Exactly as written, please set down all of the entries again, with no pictures.

** MATERIAL FOR THIS TASK follows **

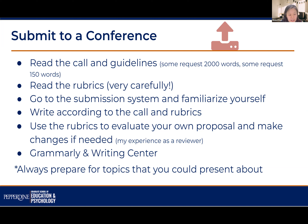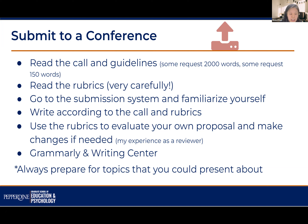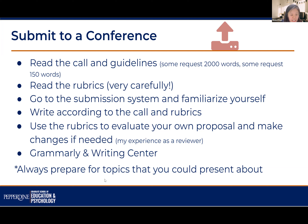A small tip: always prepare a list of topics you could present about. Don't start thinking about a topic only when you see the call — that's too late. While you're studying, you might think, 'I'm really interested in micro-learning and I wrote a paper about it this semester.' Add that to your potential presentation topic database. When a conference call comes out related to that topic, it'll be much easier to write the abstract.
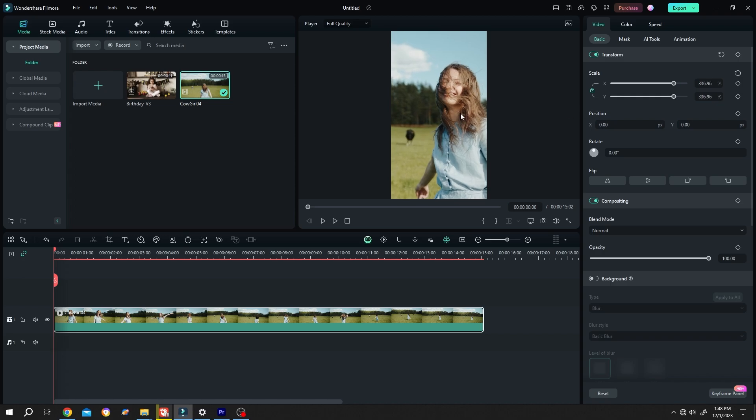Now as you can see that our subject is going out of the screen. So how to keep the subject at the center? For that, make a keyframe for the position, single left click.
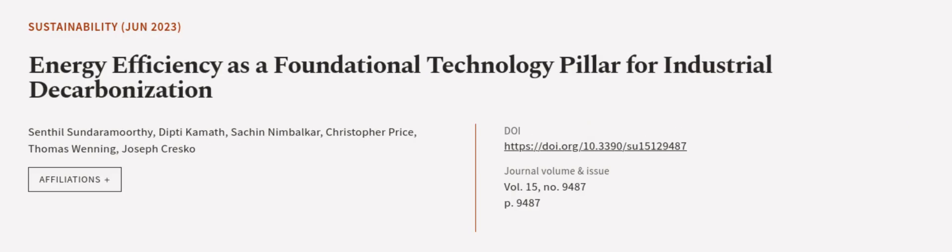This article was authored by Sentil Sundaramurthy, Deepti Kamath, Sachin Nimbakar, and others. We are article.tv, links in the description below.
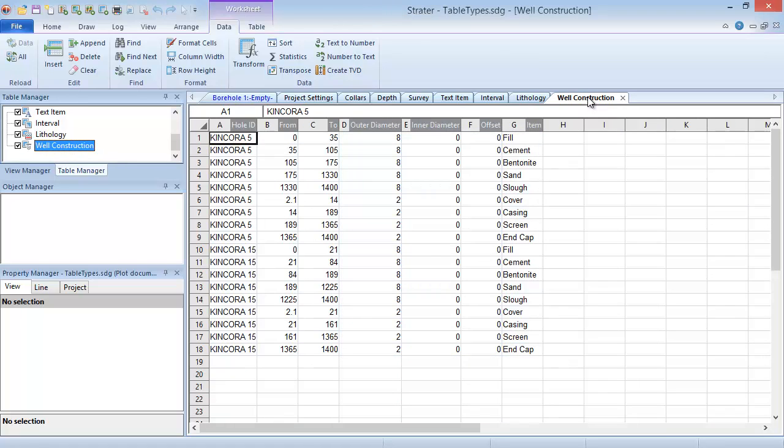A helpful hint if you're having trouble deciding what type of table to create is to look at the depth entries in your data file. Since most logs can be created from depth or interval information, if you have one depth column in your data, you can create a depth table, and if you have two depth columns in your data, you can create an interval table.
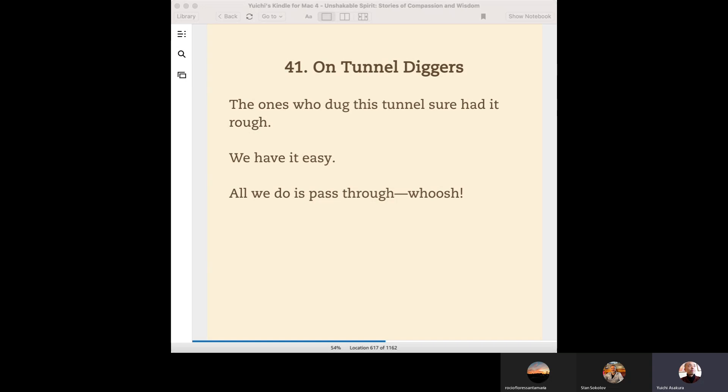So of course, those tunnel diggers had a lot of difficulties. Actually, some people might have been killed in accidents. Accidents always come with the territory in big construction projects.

** End of MATERIAL FOR THIS TASK **

**ANSWER AREA**
A small tip: always prepare a list of topics you could present about. Don't start thinking about a topic only when you see the call — that's too late. While you're studying, you might think, 'I'm really interested in micro-learning and I wrote a paper about it this semester.' Add that to your potential presentation topic database. When a conference call comes out related to that topic, it'll be much easier to write the abstract.
Now as you can see that our subject is going out of the screen. So how to keep the subject at the center? For that, make a keyframe for the position, single left click.
This article was authored by Sentil Sundaramurthy, Deepti Kamath, Sachin Nimbakar, and others. We are article.tv, links in the description below.
A helpful hint if you're having trouble deciding what type of table to create is to look at the depth entries in your data file. Since most logs can be created from depth or interval information, if you have one depth column in your data, you can create a depth table, and if you have two depth columns in your data, you can create an interval table.
So of course, those tunnel diggers had a lot of difficulties. Actually, some people might have been killed in accidents. Accidents always come with the territory in big construction projects.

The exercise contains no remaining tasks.